Sets of integers with few sums Let $S$ be a finite set of integers. Denote by $S^{\leq k}$ the set $\{a_1+\dots+a_\ell : \ell\leq k, a_1,\dots,a_\ell\in S\}$ of sums of at most $k$ elements from $S$. What are best/worst cases for the size of $S^{\leq k}$ in function of $|S|$ and $k$? A trivial upper bound on this number is $|S|^k$. But we can do exponentially better: if $S$ is an arithmetic progression, then we have $|S^{\leq k}| = O(k^2 |S|)$. What other kinds of bounds can we achieve asymptotically? Can we achieve something that is linear in $k$ and $|S|$?
 A: The lower bound is attained by arithmetic progressions containing $0$, which have $|S^{\le k}| = k(|S|-1)+1$. Moreover, any set attaining this lower bound must be an arithmetic progression.
Freiman's theorem, one of the highlights of additive combinatorics, gives stability for this result, saying that any set $S $ with $|S + S| \le C|S|$ must be close to a generalised arithmetic progression.  This means that, in some sense, being similar to an arithmetic progression is the only reason a set should have only a linear number of sums. 
For the upper bound, note that commutativity of addition implies that the order within the $k$-tuple of summands doesn't matter.

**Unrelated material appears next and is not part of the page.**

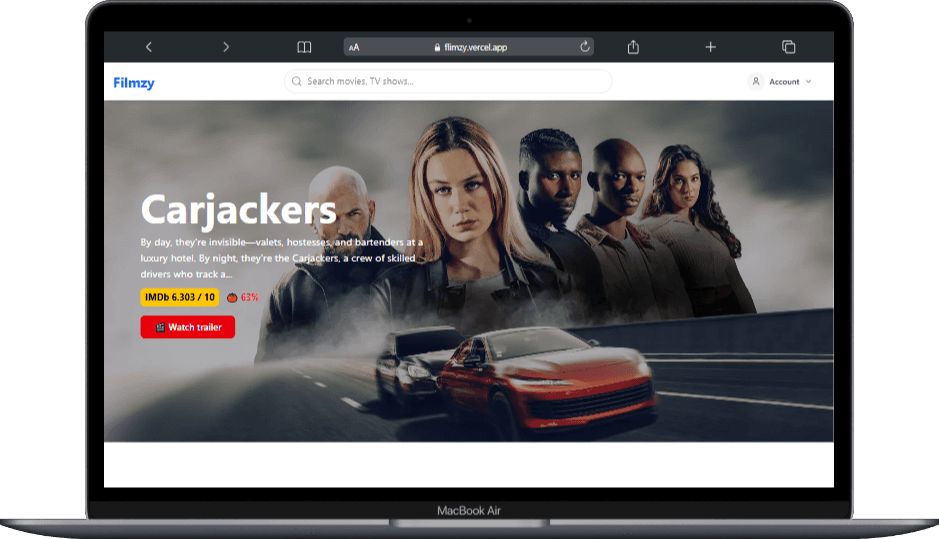 Screenshot of Flimzy project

Hence the number of sums is at most the number of selections of at most $k $ elements from $S $ with repetition, which is $\binom {|S|+k}{k} $.
As observed by D Poole, you can construct sets attaining this bound (that is, without any nontrivial relations between the sums) by taking, 
$S = \{ 1, b, b^2, b^3, ..., b^{|S|-1} \} $, where $b\ge k $. Writing the sums in base-$b $, we find that the choice of summands is uniquely determined by the digits of the sum. 
Here of course the set $S$ depends on $k $.  If we instead think of $S$ as being fixed and $k$ large, then note that $S^{\le k} \subseteq [\min (0,k \min S), \max (0, k \max S)]$, so that gives an alternative upper bound that is linear in $k $ (rather than the previous one, which is polynomial (with degree $|S|$)).